Janet is a professor at the Georgia Institute of Technology, where she is the director of graduate studies in the School of Literature, Communication, and Culture. She is well known as an early developer of humanities computing applications, a seminal theorist of digital media, and an advocate of new educational programs in digital media.


Bethany Nowviskie

Bethany is the Director of Digital Research & Scholarship at the University of Virginia Library and Associate Director of the Scholarly Communication Institute. Her digital projects always lie at the intersection of algorithmic or procedural method with traditional humanities interpretation.


Stephen Ramsay

Stephen is an Associate Professor of English at the University of Nebraska-Lincoln and a Fellow at the Center for Digital Research in the Humanities. He spends most of his time writing about digital humanities and working on text analysis and visualization problems.


Geoffrey Rockwell

Geoffrey is a Professor of Philosophy and Humanities Computing at the University of Alberta. His research interests include philosophical dialogue, textual visualization and analysis, humanities computing, instructional technology, computer games and multimedia.


Ruth Sandwell

Ruth is an Associate Professor in the History and Philosophy of Education Program at the Department of Theory and Policy Studies, Ontario Institute for Studies in Education, University of Toronto (OISE/UT). She is involved in research and teaching in history education that highlights the importance of the humanities to those trying to understand and work within the field of education.


Brenda Trofanenko

Brenda is the Canada Research Chair in Education, Culture and Community at Acadia University.
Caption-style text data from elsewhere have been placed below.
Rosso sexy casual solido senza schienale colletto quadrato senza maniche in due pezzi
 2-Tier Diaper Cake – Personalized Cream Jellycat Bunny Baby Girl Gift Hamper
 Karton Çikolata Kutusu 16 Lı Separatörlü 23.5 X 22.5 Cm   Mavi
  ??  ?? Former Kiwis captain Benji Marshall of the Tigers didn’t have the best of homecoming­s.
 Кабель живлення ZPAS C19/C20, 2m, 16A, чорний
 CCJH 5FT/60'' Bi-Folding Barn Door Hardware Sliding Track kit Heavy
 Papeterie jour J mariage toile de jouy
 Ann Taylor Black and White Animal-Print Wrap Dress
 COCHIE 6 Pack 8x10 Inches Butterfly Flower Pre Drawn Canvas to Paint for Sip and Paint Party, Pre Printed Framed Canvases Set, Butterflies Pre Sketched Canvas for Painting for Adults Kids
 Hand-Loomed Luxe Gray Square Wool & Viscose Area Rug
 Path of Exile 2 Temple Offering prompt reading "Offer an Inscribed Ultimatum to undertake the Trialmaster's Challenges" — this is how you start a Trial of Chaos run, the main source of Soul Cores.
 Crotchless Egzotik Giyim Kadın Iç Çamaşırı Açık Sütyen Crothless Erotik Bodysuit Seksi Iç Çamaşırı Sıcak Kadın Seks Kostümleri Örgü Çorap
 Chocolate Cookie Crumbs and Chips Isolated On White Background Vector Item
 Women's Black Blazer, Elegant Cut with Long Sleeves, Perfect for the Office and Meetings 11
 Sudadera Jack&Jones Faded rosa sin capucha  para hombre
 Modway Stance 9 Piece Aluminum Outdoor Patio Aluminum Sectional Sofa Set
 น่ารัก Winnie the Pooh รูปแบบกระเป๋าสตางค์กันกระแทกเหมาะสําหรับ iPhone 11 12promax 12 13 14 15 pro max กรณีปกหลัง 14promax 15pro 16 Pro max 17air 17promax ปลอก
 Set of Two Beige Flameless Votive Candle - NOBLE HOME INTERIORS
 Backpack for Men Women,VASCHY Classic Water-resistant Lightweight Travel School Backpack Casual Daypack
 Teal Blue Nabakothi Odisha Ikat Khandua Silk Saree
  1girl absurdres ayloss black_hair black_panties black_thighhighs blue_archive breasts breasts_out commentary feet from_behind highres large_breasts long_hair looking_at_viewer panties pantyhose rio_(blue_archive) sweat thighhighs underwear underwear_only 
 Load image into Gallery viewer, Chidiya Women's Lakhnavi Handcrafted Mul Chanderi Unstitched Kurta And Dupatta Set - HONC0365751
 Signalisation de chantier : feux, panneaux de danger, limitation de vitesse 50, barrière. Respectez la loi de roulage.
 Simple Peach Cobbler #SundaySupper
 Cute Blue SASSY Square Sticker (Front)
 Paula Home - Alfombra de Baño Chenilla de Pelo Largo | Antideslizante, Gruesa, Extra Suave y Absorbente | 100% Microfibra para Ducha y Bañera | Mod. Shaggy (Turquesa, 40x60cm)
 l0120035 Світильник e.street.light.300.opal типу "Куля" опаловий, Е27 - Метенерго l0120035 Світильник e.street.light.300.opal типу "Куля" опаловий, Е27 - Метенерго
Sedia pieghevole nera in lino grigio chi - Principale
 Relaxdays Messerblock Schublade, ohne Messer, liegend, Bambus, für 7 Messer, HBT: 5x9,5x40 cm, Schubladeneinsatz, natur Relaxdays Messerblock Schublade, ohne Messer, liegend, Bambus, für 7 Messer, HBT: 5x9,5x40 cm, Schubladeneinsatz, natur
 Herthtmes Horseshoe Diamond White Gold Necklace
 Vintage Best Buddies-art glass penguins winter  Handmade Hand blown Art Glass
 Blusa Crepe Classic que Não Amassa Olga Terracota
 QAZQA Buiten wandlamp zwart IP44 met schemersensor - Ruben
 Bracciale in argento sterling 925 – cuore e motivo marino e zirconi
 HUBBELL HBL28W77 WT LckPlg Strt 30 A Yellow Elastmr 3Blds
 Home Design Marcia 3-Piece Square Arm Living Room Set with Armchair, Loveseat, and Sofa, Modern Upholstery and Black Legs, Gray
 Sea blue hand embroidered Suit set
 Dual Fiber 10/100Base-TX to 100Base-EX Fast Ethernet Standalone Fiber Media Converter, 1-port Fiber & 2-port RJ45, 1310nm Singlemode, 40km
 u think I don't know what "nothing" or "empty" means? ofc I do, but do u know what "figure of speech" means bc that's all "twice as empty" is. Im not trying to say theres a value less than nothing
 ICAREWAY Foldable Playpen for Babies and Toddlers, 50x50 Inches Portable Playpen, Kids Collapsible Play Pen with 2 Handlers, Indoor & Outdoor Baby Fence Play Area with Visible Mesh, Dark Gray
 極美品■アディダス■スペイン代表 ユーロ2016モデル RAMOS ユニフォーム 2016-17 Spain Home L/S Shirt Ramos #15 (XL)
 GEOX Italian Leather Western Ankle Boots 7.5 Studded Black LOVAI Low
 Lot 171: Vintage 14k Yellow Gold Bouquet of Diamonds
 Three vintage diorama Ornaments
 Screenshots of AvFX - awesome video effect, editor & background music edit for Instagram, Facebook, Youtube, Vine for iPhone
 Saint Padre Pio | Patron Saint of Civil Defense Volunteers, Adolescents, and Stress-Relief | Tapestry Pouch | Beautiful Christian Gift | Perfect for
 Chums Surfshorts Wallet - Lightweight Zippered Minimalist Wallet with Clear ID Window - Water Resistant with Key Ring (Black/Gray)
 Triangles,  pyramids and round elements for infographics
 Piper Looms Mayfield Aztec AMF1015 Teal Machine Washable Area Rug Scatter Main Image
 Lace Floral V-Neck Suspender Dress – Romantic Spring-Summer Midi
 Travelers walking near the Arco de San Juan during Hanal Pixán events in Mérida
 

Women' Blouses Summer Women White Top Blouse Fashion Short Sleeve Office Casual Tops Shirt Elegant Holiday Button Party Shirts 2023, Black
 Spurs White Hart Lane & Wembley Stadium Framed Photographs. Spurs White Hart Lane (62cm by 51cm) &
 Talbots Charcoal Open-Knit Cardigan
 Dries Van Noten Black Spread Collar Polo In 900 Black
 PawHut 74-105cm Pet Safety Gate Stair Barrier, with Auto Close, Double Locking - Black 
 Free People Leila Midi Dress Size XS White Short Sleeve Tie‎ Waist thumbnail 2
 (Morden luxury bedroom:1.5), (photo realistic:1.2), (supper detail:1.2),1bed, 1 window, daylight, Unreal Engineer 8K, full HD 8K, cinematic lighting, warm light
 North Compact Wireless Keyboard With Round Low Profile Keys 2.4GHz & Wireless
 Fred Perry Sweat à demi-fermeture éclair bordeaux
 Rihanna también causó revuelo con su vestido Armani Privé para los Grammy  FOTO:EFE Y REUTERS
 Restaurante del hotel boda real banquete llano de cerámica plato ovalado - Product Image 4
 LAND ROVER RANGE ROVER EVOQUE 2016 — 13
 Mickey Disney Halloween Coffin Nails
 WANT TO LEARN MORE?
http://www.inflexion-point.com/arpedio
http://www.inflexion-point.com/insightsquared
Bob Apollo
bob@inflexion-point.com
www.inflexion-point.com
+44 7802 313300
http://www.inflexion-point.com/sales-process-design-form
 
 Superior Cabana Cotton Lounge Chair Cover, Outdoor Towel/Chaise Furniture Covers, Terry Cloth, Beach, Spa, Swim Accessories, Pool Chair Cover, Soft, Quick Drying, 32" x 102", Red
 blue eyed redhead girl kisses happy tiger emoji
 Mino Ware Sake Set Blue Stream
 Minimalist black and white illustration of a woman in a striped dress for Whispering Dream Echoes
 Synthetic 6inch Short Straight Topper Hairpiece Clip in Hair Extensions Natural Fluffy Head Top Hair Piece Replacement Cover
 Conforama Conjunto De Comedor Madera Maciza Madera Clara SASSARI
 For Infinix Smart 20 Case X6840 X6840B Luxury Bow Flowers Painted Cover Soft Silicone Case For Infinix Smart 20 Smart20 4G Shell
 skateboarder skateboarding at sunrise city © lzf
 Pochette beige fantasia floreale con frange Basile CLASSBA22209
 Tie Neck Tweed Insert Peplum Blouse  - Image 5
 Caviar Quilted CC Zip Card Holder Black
She researches how much technological abilities students ought to have when dealing with historical inquiry.


Bill Turkel

Bill is an Associate Professor in the Department of History at the University of Western Ontario, and the Project Director, Digital Infrastructure, for the SSHRC Strategic Knowledge Cluster NiCHE: Network in Canadian History & Environment. His research explores ways to build historical interpretations into physical devices and environments.